Birdshot (Mikhail Red, 2016)


Deadeye

Mikhail Red's sophomore effort is a surprisingly assured film revolving around two mysteries: the disappearance of a busload of agrarian reform activists and the killing of a Philippine (popularly known as 'monkey-eating') eagle.

Actually the second isn't quite a mystery as we know who did it: a young girl named Maya (Mary Joy Apostol, also her second feature) who wanders into a nature preserve and unwittingly brings down the great bird. But why is the felony being prosecuted so vigorously by the police when they have other more urgent cases to resolve? Who is the mysterious red-shirted figure stalking Maya through forests and farm fields on occasion standing silent outside her house?

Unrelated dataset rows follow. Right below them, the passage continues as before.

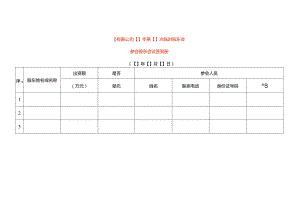 股东会参会签到表模板.docx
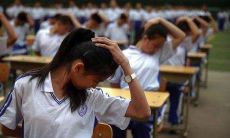 中学生必备的生活座右铭和人生格言，用于激励自己奋斗，迎接未来挑战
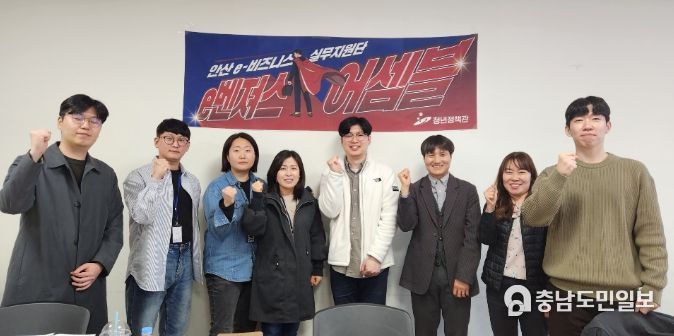 안산 e-비즈니스 활성화 실무지원단, e스포츠 서머 페스티벌 준비 나서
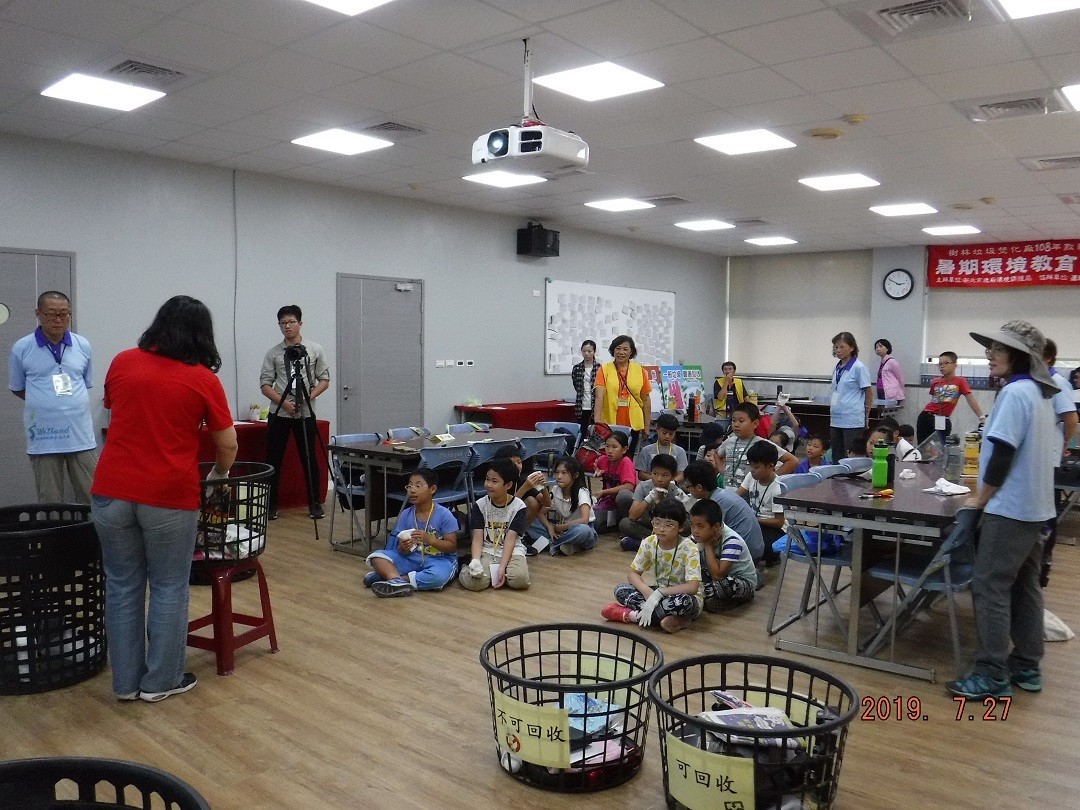 掏寶動次動活動單元 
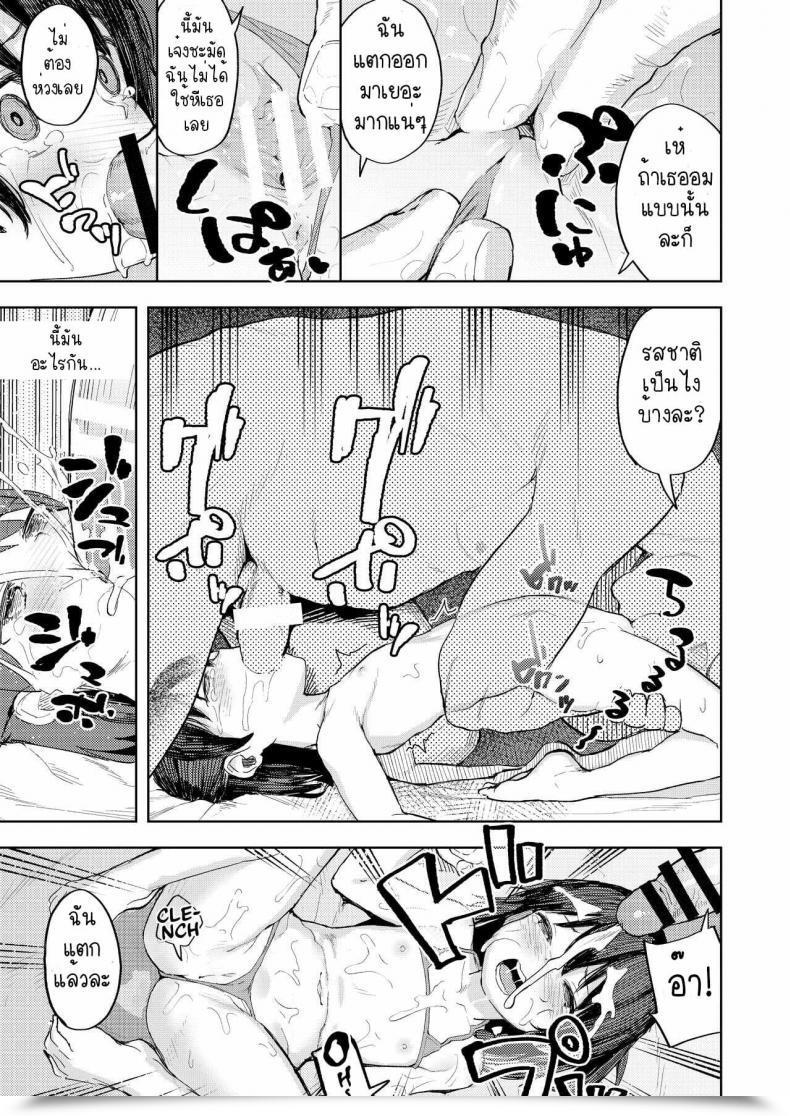 Doujin Nexus Koubou Arumamai Ayuka Namaiki Ojou-Sama E No Choukyou No Susume โดจินแปลไทย 43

The answers to these questions are as elusive as the film's setting, time period, identity: Does the story take place in Manila (said to be some two hours away when in real life there's no known eagle sanctuary nearby)? In the recent past or immediate present (the police uniforms are visibly from an older organization but the eagles are tagged with GPS trackers)? Is the picture a crime thriller? A rural noir? A political parable? A horror film? 

Some questions about the plot: would a family living beside a bird sanctuary for so long never once talk about its famous occupant? Would a girl with a missing father (Mang Diego, played by Ku Aquino) live for so long on her own without attempting to seek help? And would police officer Domingo (Arnold Reyes) with wife and child to provide for and protect push the investigation of the missing activists so hard when his partner Mendoza (John Arcilla) and superior officer (Dido de la Paz) want him to drop it?

That said why should the rural poor concern themselves with upper-class abstractions like endangered species when they can barely feed themselves? Why shouldn't a young girl who wants to prove she can take care of herself try do so as far and as long as possible? Why shouldn't an aspiring young cop pursue his first big case?  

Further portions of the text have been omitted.